Das der zweite Gesichtspunkt – nämlich dass das jüdische Volk allen Widrigkeiten zum Trotz überlegen würde – sich bewahrheitet hat, wird allgemein als "eine erstaunliche Tatsache" zur Kenntnis genommen. Die größten Weltreiche, mit den fortschrittlichsten Zivilisationen, wie Assyrien, Babylonien, Persien, Griechenland und Rom, sind alle zerfallen und untergegangen, während das kleine jüdische Volk, zerstreut unter den Nationen, "Fremdlinge in fremdem Lande", weiter besteht.

Es ist jedoch der dritte Punkt in G-ttes Enthüllung an Abraham – das ist: die Begründung und Bedingung für diesen wundersamen Fortbestand –, den die Menschen sehr ungern zugeben wollen. Wenn Probleme von Assimilation, Mischehen oder Drogenkultur auftreten, dann kann man jede Sorte von Vorschlägen hören, wie diese zu lösen seien, großartige sowohl wie lächerliche Vorschläge: G-ttesdienste im "Jazz-Stil", "symbolische" Mizwot, Nationalismus oder eine "jüdische Volks-Kultur" – dies sind nur einige der mehr häufigen Anregungen, die angeblich dazu angetan seien, den Fortbestand unseres Volkes zu gewährleisten.

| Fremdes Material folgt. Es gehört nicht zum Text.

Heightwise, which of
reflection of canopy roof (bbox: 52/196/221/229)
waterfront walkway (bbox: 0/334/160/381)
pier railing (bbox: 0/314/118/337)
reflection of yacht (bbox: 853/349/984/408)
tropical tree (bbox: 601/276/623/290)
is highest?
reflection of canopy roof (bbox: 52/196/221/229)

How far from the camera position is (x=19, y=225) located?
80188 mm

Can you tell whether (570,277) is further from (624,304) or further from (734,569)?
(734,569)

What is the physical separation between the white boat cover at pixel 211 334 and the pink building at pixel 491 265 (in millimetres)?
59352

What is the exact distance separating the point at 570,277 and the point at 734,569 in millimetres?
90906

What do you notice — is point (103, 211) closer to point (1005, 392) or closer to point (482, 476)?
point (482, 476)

Das wesentliche Element jedoch, auf dem immer und überall die Einheit unseres verstreuten Volkes beruht hat und auch heute beruht, das wird nicht erwähnt: Tora und Mizwot, unser Bund mit G-tt, unser jüdischer Lebensweg, der grundsätzlich der gleiche geblieben ist in allen Zeitaltern und an allen Orten.

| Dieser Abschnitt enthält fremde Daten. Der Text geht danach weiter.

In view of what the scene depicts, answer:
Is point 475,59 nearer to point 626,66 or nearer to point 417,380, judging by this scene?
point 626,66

Jeder Vorschlag zur Lösung der Probleme, mit denen sich heutzutage viele unserer jungen Leute abplagen, muss eine Stärkung des Brit ins Auge fassen, unseres Bundes und unserer Bindung an G-tt durch Tora und Mizwot. Wer unsere Geschichte gründlich und unvoreingenommen studiert, der muss klar einsehen, dass die Einhaltung von Tora und Mizwot im täglichen Leben vorderster Garant unserer Existenz und unseres Überlebens ist.